**WORK REQUIRED:**
A faithful copy of the listing below is needed, one that contains no pictures.

**SOURCE MATERIAL:**
%%

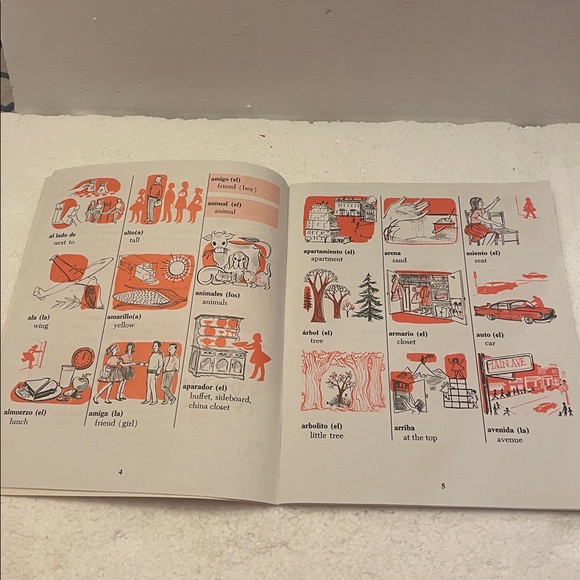 Children's Living Spanish Language picture dictionary illustrated lesson book - Picture 8 of 15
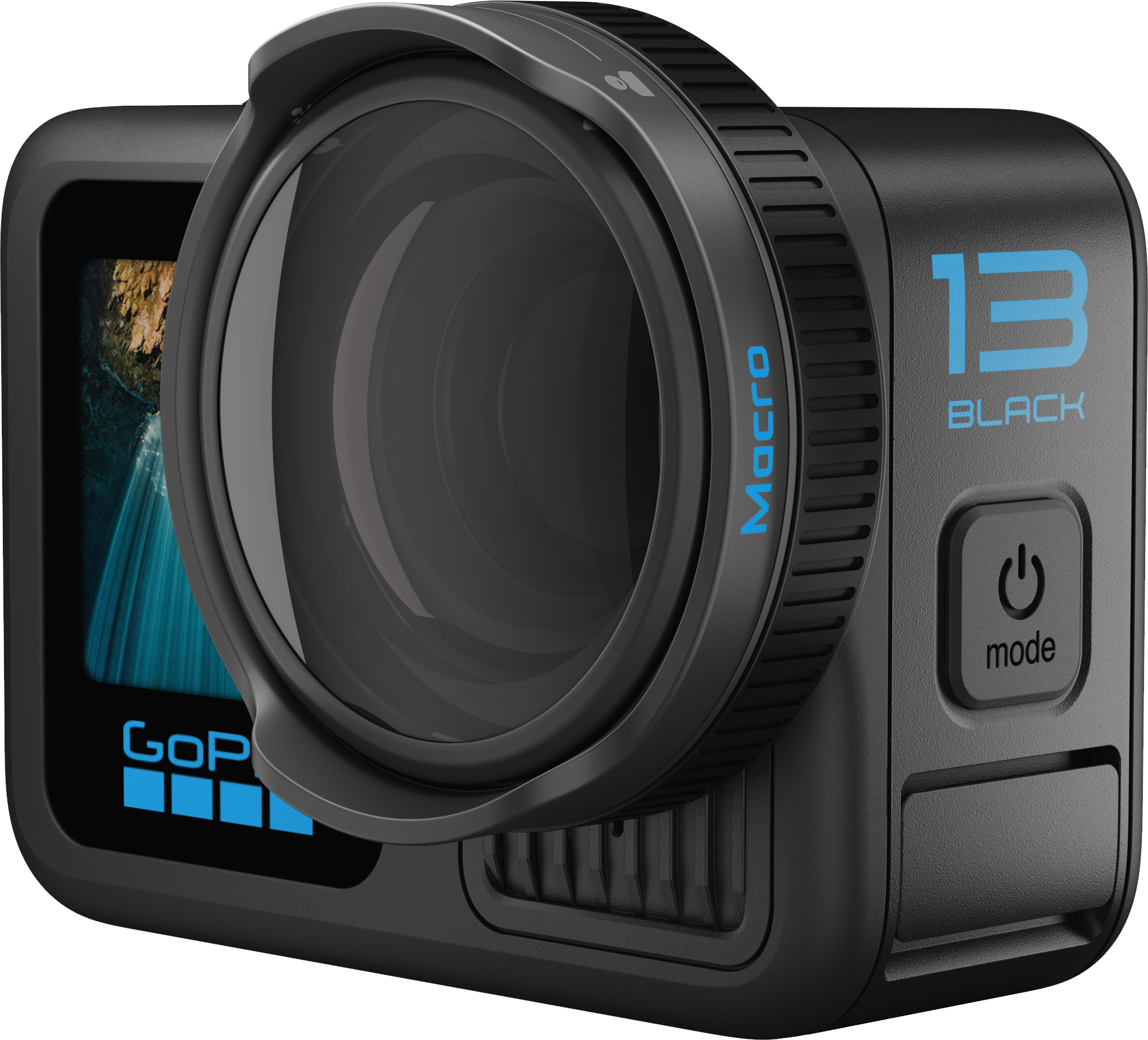 Fekete GoPro akciókamera makró objektívvel.
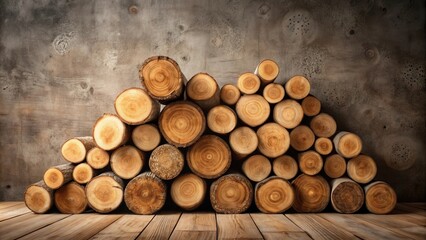 Aufkleber - A Rustic Stack of Wooden Logs Against a Weathered Wall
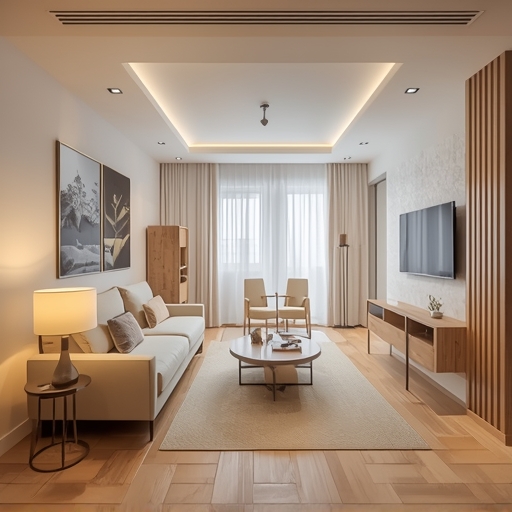 A small condo living room transformed into a multi-functional space with light-colored walls, strategically placed mirrors, and multi-purpose furniture including a sleek sofa bed and a compact, expandable dining table. The room is illuminated by modern, discreet lighting fixtures, providing a bright, airy feel, emphasizing smart, space-saving solutions.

%%

**EXPECTED ANSWER:**
 Children's Living Spanish Language picture dictionary illustrated lesson book - Picture 8 of 15
 Fekete GoPro akciókamera makró objektívvel.
 Aufkleber - A Rustic Stack of Wooden Logs Against a Weathered Wall
 A small condo living room transformed into a multi-functional space with light-colored walls, strategically placed mirrors, and multi-purpose furniture including a sleek sofa bed and a compact, expandable dining table. The room is illuminated by modern, discreet lighting fixtures, providing a bright, airy feel, emphasizing smart, space-saving solutions.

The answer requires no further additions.